**BRIEF**
Set down, word for word, the line with "Three men in" and the lines after it through the final line of the data below, without pictures.

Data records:
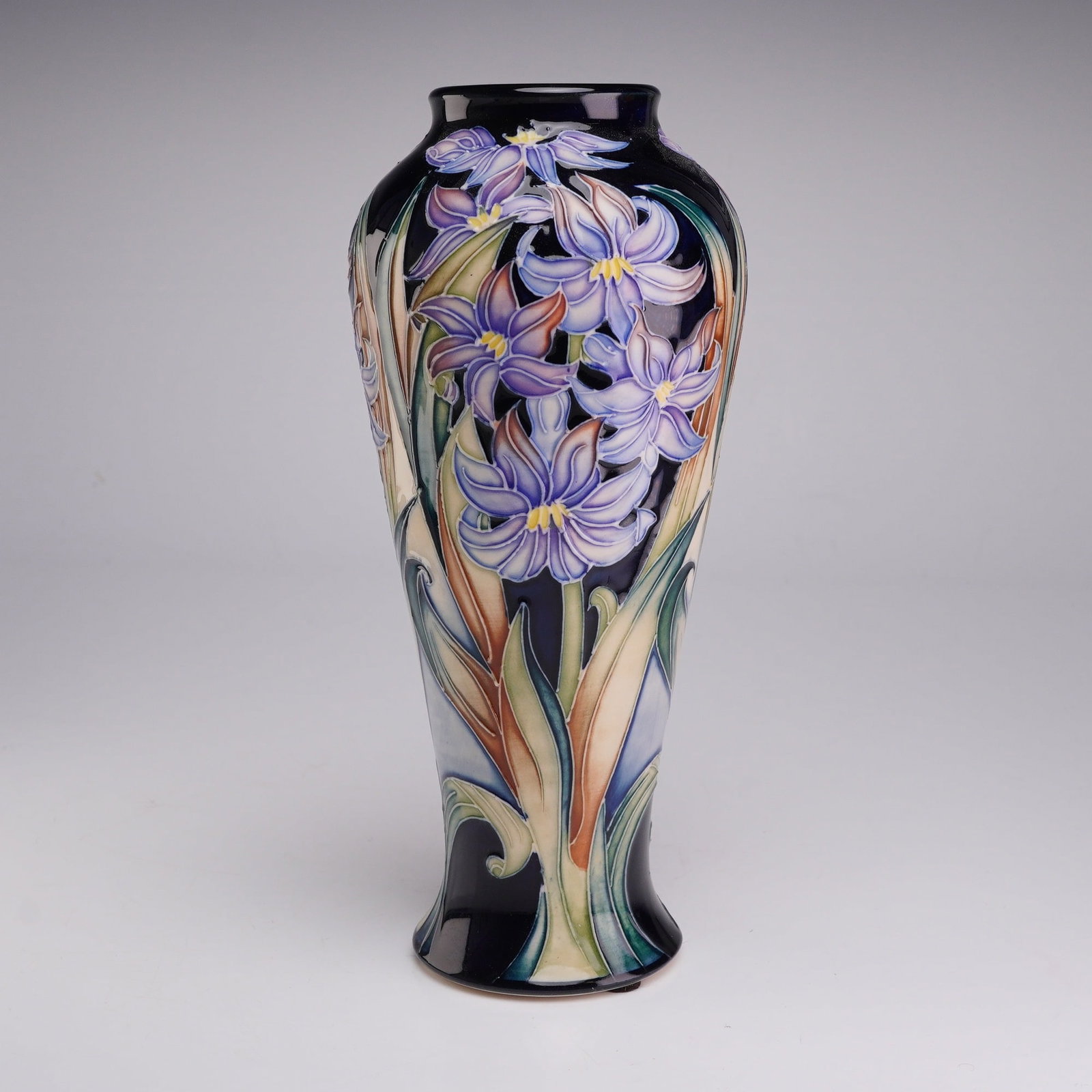 Moorcroft Pottery by Rachel Bishop Limited Edition Vase, Siberian Iris: This Moorcroft art pottery earthenware vase features the Siberian Iris pattern. The vessel is designed in a slender, tapered baluster form with a flared foot and a short neck. The exterior is decorate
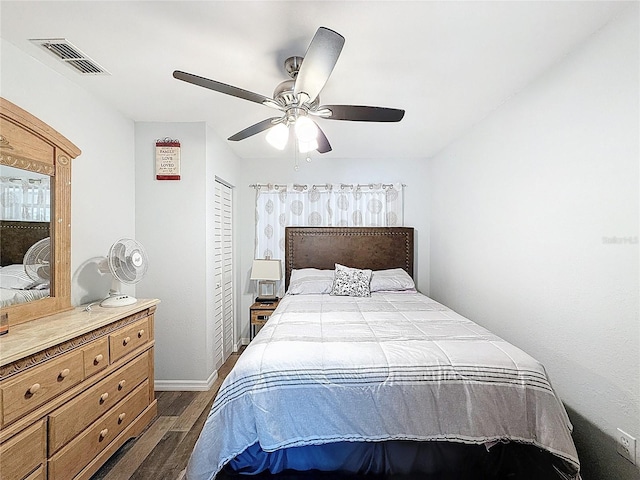 10411 Ireland St, Spring Hill, FL 34608 - bedroom featuring wood finished floors, baseboards, and ceiling fan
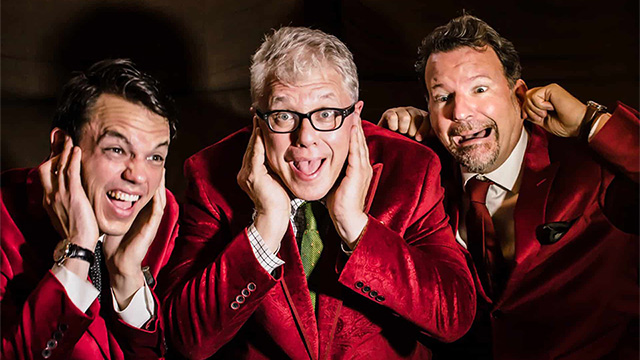 Three men in red velvet suits making funny faces with their fingers in their ears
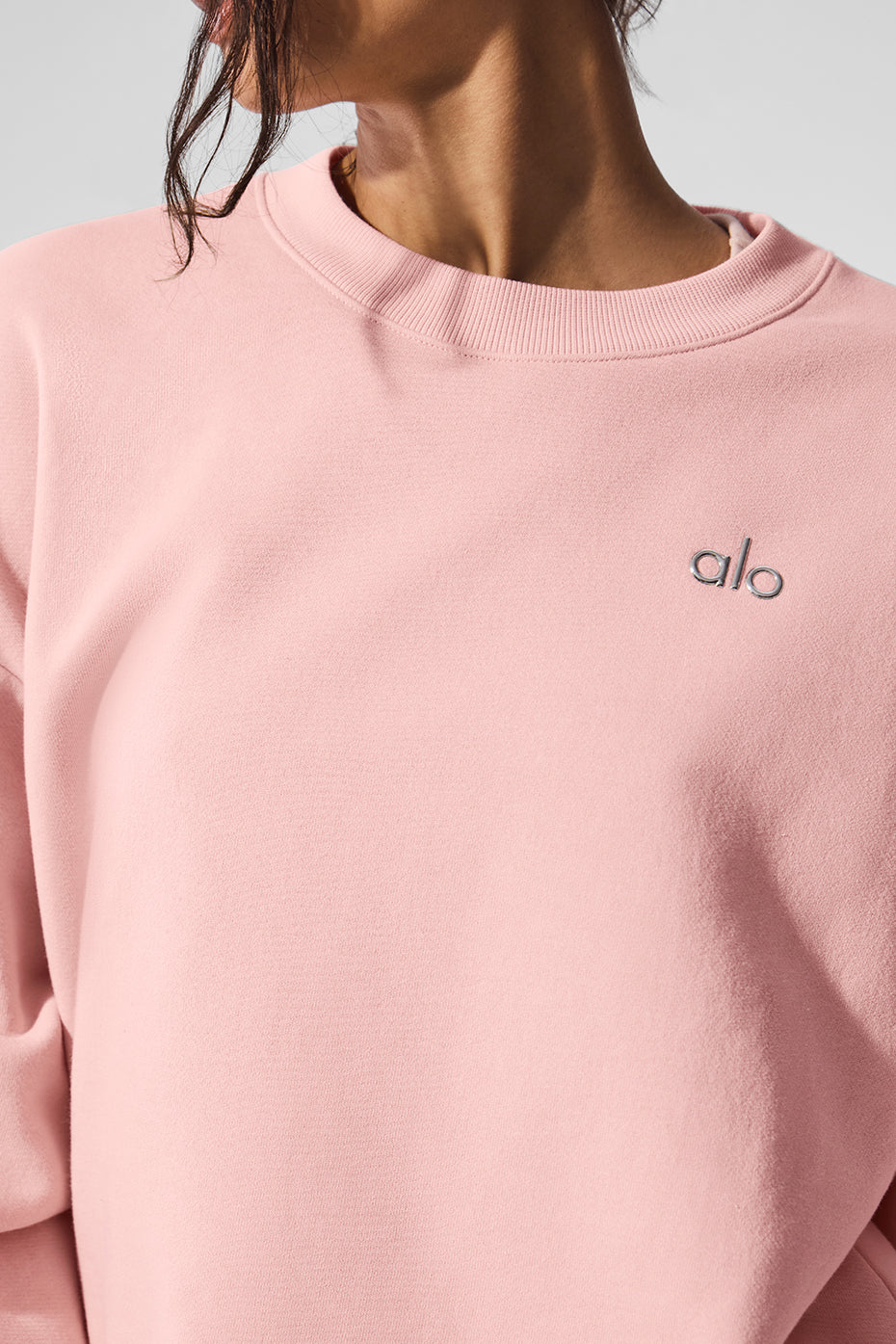 Side view of the black crew neck pullover, highlighting the ribbed cuffs and hem.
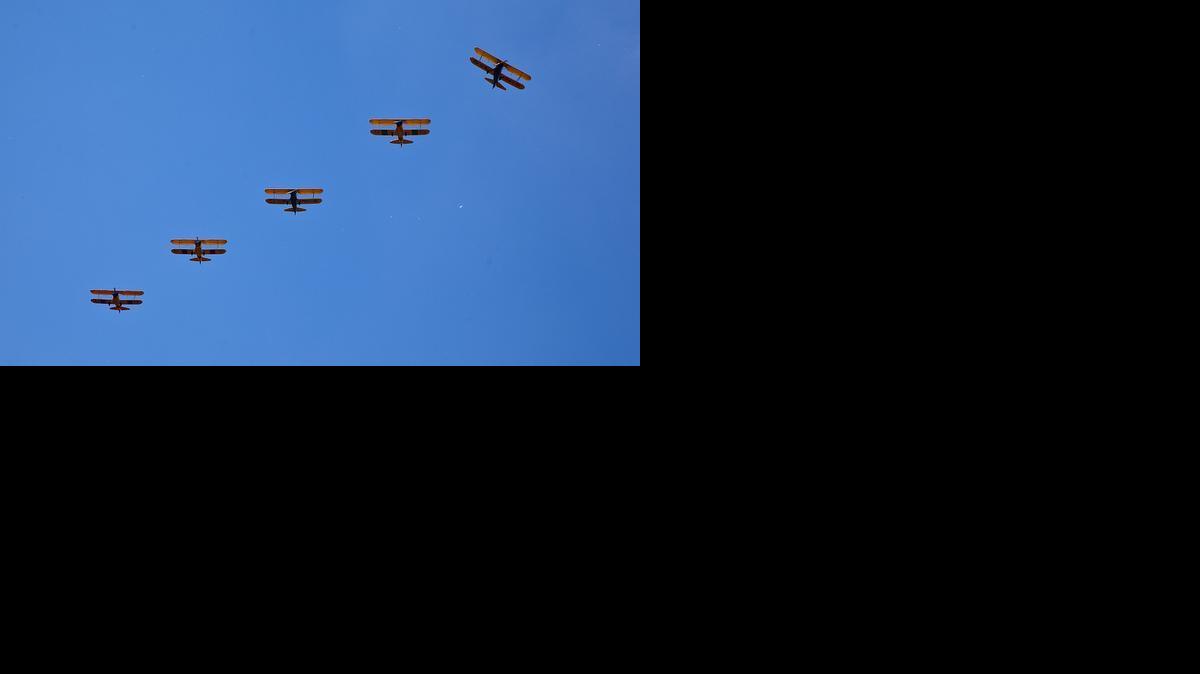 Owners of historic Stearman biplanes gathered at a private Goddard landing strip for lunch Friday during this weekend’s Stearman fly-in at the Lloyd Stearman Airport in Benton. Pilots flew in from as far away as California, Texas and Iowa to join local pilots. (May 30, 2014)


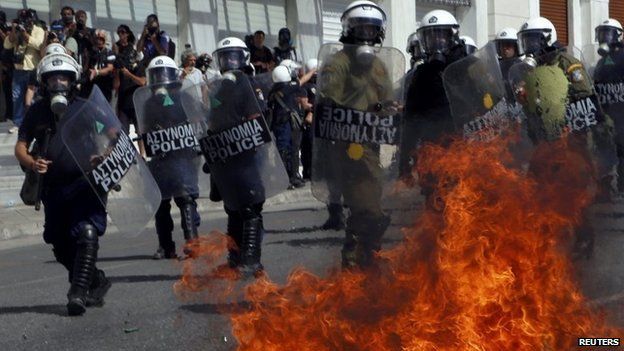 A petrol bomb explodes beside riot police officers near Syntagma square during a 24-hour labour strike in Athens, 26 September 2012
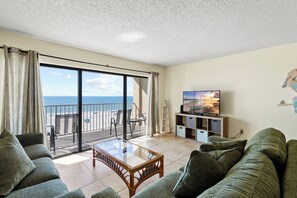 Un soggiorno con un'ampia porta scorrevole in vetro che dà su un balcone con vista sulla spiaggia e sull'oceano. Si vede una televisione su un mobile e un divano con cuscini.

**EXERCISE ANSWER**
 Three men in red velvet suits making funny faces with their fingers in their ears
 Side view of the black crew neck pullover, highlighting the ribbed cuffs and hem.
 Owners of historic Stearman biplanes gathered at a private Goddard landing strip for lunch Friday during this weekend’s Stearman fly-in at the Lloyd Stearman Airport in Benton. Pilots flew in from as far away as California, Texas and Iowa to join local pilots. (May 30, 2014)


 A petrol bomb explodes beside riot police officers near Syntagma square during a 24-hour labour strike in Athens, 26 September 2012
 Un soggiorno con un'ampia porta scorrevole in vetro che dà su un balcone con vista sulla spiaggia e sull'oceano. Si vede una televisione su un mobile e un divano con cuscini.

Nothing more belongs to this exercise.